--- Assignment ---
Restate, exactly and without pictures, the lines from the start of the listing below through the line holding "Today's Food Taste".

--- Provided data ---
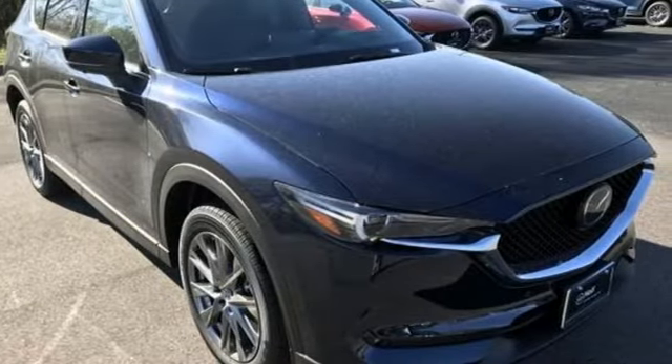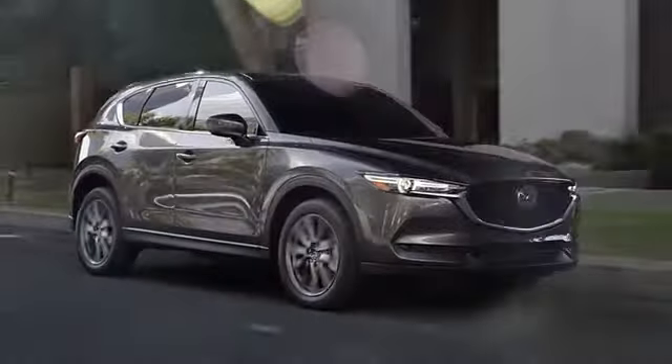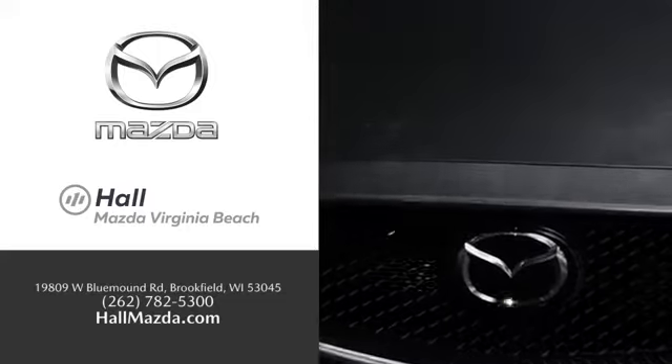Experience it for yourself today. Exceptional customer service and a wide range of new Mazda models. Find what you're looking for at Hull Automotive.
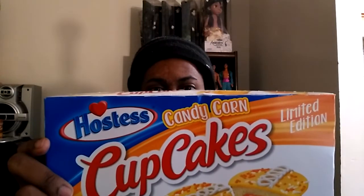Today's Food Taste Test Wednesday. We're going to take a look at this very new Hostess Cupcakes called Hostess Candy Corn Cupcakes. They're sold during the Halloween season this year.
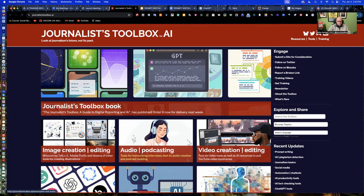Hi, everyone. Welcome to another Journalist Toolbox training. My name is Mike Reilly, the founder and editor of the Journalist Toolbox. Today, we're going to explore prompt writing for AI, which is a good skill to have. And there are some best practices we can follow that we're going to go through in just a minute. But before we get started, I want to talk about the website JournalistToolbox.ai.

--- Solution for this task ---
Experience it for yourself today. Exceptional customer service and a wide range of new Mazda models. Find what you're looking for at Hull Automotive.
Today's Food Taste Test Wednesday. We're going to take a look at this very new Hostess Cupcakes called Hostess Candy Corn Cupcakes. They're sold during the Halloween season this year.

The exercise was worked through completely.